━━ LISTED ENTRIES
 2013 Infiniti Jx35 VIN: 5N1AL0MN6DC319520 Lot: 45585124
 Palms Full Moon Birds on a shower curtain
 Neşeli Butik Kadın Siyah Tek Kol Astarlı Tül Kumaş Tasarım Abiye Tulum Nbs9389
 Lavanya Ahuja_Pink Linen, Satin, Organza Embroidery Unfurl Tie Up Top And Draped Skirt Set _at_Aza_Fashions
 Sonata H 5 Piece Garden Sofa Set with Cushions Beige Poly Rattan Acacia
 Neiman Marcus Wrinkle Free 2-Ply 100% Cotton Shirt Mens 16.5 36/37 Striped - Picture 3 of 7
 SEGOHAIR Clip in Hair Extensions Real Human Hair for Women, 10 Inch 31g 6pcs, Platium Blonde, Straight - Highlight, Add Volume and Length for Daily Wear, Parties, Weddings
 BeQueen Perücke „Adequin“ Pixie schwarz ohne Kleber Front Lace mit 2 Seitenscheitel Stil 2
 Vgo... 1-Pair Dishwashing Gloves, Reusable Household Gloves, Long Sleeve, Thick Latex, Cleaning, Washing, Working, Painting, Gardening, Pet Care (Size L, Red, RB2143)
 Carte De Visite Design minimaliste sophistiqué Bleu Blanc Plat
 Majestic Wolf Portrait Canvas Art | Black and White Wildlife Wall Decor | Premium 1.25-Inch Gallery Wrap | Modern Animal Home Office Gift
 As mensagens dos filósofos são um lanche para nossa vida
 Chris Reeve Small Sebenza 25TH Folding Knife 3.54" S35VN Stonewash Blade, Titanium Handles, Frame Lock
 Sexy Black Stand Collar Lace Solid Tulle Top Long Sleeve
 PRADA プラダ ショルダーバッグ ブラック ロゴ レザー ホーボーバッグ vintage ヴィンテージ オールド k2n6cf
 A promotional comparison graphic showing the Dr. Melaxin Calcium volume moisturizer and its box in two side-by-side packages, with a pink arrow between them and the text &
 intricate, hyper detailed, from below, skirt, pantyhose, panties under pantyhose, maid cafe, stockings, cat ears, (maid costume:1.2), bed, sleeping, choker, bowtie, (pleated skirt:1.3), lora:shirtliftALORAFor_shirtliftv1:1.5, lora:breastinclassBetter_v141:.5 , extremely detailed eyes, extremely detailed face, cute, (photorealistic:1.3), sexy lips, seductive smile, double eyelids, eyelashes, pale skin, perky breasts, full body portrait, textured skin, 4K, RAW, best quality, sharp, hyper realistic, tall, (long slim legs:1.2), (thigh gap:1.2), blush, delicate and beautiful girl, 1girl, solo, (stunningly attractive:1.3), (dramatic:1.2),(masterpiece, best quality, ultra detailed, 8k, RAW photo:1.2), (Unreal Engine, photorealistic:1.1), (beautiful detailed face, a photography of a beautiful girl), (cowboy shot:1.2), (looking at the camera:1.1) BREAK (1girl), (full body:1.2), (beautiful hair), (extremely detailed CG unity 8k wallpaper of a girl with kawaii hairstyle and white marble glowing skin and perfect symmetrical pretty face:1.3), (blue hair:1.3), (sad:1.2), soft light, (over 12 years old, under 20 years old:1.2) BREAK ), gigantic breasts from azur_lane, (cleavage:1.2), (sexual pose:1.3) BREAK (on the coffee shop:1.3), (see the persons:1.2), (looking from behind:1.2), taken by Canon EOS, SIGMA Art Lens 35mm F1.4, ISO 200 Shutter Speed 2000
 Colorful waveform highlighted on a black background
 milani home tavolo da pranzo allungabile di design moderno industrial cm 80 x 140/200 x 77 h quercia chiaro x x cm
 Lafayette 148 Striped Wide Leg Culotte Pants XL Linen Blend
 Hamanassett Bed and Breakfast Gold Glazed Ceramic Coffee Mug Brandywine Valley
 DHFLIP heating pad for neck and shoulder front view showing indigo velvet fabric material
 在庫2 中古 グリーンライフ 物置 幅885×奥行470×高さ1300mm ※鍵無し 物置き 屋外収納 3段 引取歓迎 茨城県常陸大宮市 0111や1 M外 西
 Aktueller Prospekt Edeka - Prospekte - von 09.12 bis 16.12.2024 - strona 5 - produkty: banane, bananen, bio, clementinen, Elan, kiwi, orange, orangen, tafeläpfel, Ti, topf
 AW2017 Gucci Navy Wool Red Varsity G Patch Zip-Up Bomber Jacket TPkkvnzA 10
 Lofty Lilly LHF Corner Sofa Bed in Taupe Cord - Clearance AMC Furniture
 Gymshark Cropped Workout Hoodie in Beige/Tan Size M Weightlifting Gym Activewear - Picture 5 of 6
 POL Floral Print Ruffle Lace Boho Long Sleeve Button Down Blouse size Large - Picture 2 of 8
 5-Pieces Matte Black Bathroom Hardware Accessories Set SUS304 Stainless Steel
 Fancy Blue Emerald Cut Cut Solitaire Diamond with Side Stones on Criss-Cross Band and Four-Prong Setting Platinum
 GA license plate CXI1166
━━━━
WHAT THE TASK ASKS
Exact lines only, please: output the listing from the first line to the line with "A promotional comparison", both included.

EXERCISE ANSWER
 2013 Infiniti Jx35 VIN: 5N1AL0MN6DC319520 Lot: 45585124
 Palms Full Moon Birds on a shower curtain
 Neşeli Butik Kadın Siyah Tek Kol Astarlı Tül Kumaş Tasarım Abiye Tulum Nbs9389
 Lavanya Ahuja_Pink Linen, Satin, Organza Embroidery Unfurl Tie Up Top And Draped Skirt Set _at_Aza_Fashions
 Sonata H 5 Piece Garden Sofa Set with Cushions Beige Poly Rattan Acacia
 Neiman Marcus Wrinkle Free 2-Ply 100% Cotton Shirt Mens 16.5 36/37 Striped - Picture 3 of 7
 SEGOHAIR Clip in Hair Extensions Real Human Hair for Women, 10 Inch 31g 6pcs, Platium Blonde, Straight - Highlight, Add Volume and Length for Daily Wear, Parties, Weddings
 BeQueen Perücke „Adequin“ Pixie schwarz ohne Kleber Front Lace mit 2 Seitenscheitel Stil 2
 Vgo... 1-Pair Dishwashing Gloves, Reusable Household Gloves, Long Sleeve, Thick Latex, Cleaning, Washing, Working, Painting, Gardening, Pet Care (Size L, Red, RB2143)
 Carte De Visite Design minimaliste sophistiqué Bleu Blanc Plat
 Majestic Wolf Portrait Canvas Art | Black and White Wildlife Wall Decor | Premium 1.25-Inch Gallery Wrap | Modern Animal Home Office Gift
 As mensagens dos filósofos são um lanche para nossa vida
 Chris Reeve Small Sebenza 25TH Folding Knife 3.54" S35VN Stonewash Blade, Titanium Handles, Frame Lock
 Sexy Black Stand Collar Lace Solid Tulle Top Long Sleeve
 PRADA プラダ ショルダーバッグ ブラック ロゴ レザー ホーボーバッグ vintage ヴィンテージ オールド k2n6cf
 A promotional comparison graphic showing the Dr. Melaxin Calcium volume moisturizer and its box in two side-by-side packages, with a pink arrow between them and the text &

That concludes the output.